Retype exactly the span of lines below from the one with "Slides: Frog Blastula rep. sag. sec." through the one with "Show full view: BARK". Do not include pictures.

▸ EXERCISE DATA:
BEGIN

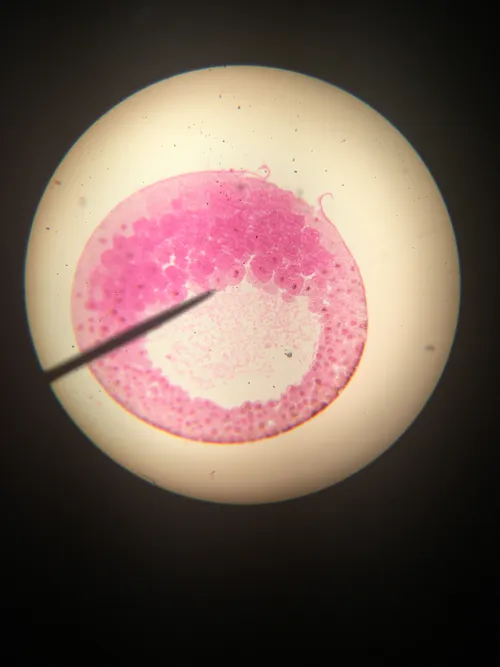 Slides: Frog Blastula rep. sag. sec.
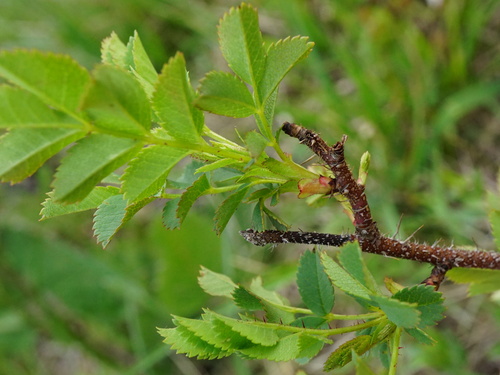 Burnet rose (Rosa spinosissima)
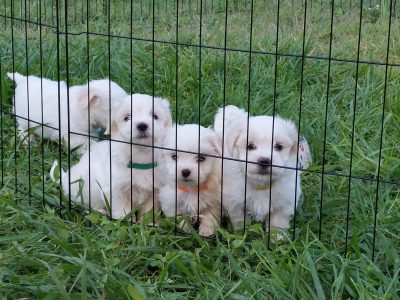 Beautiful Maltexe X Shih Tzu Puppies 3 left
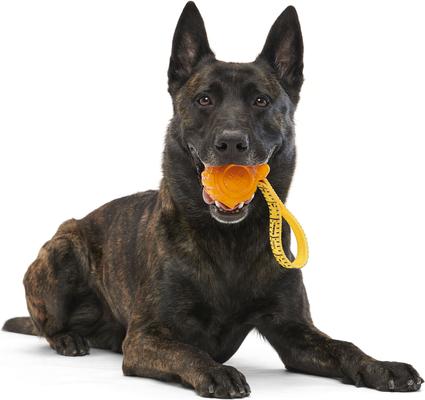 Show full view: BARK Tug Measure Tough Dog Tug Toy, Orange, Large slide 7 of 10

END
BEGIN

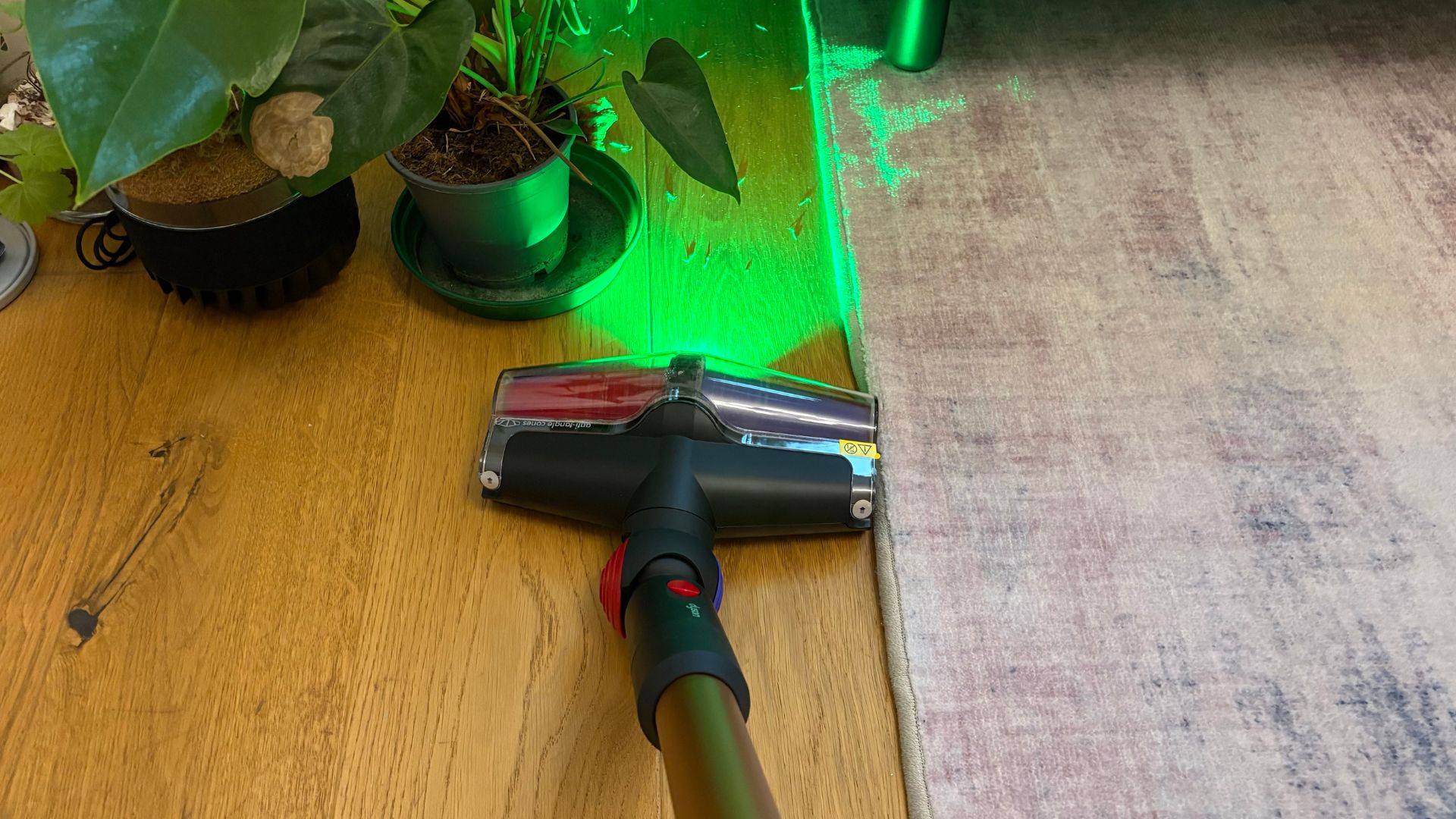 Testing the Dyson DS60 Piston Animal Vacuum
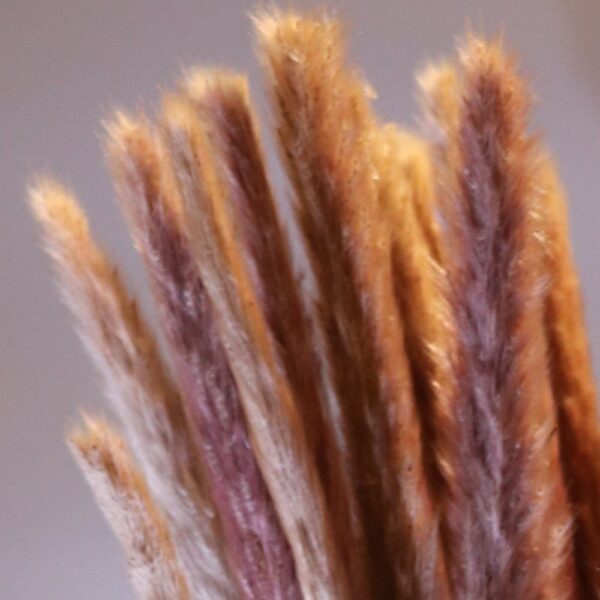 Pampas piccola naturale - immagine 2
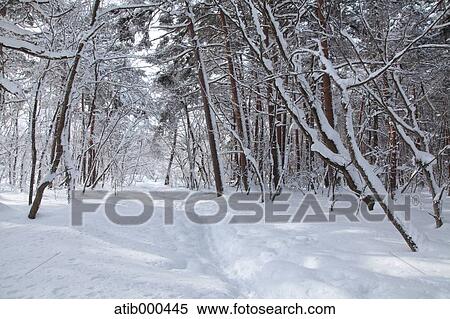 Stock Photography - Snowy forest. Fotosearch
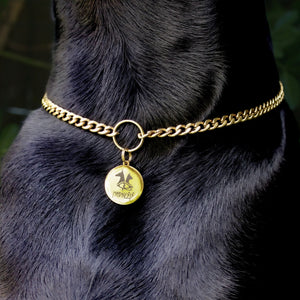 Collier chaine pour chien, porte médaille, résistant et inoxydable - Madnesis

END
BEGIN

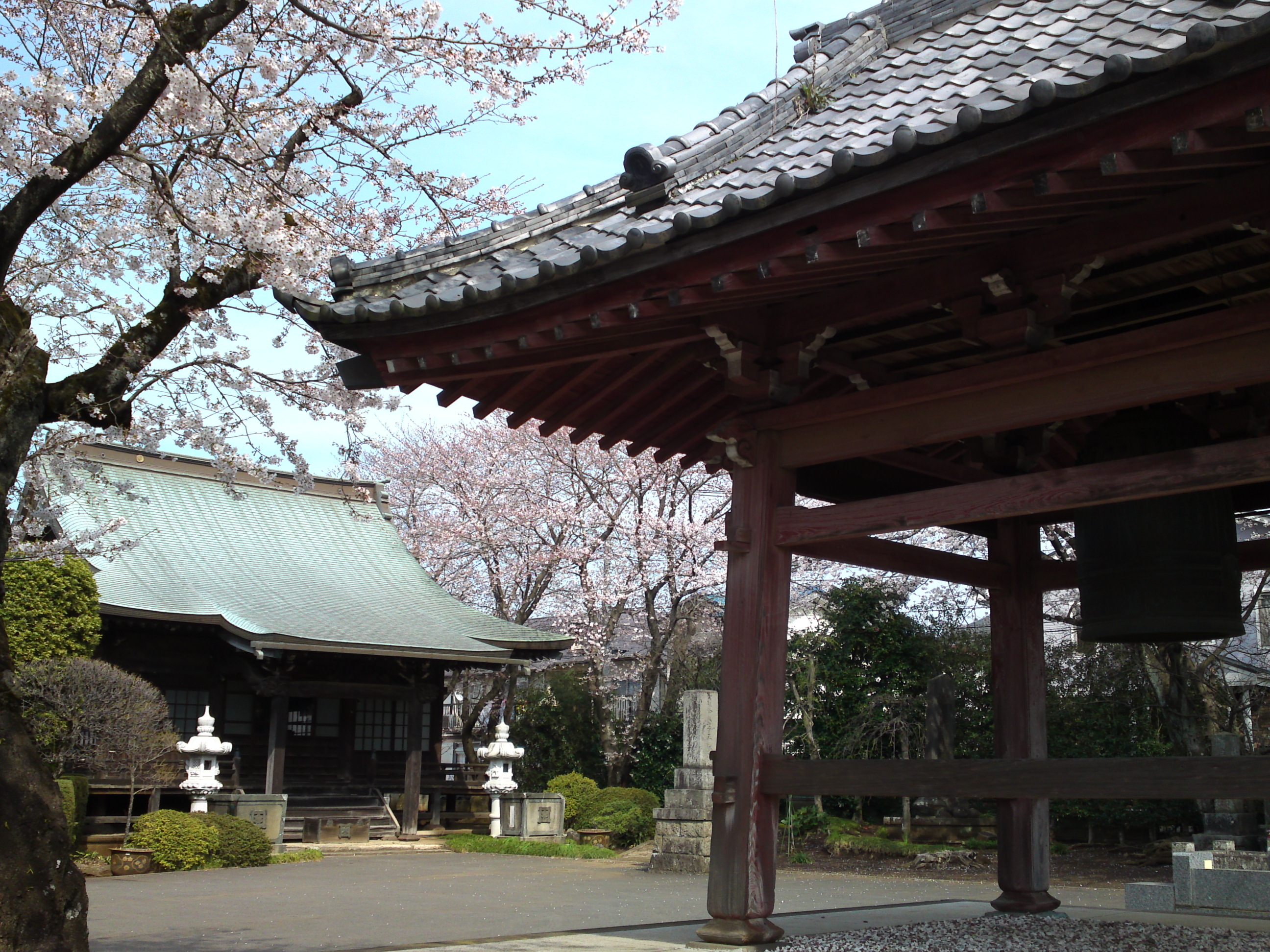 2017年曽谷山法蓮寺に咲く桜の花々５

END

▸ RESPONSE AREA:
 Slides: Frog Blastula rep. sag. sec.
 Burnet rose (Rosa spinosissima)
 Beautiful Maltexe X Shih Tzu Puppies 3 left
 Show full view: BARK Tug Measure Tough Dog Tug Toy, Orange, Large slide 7 of 10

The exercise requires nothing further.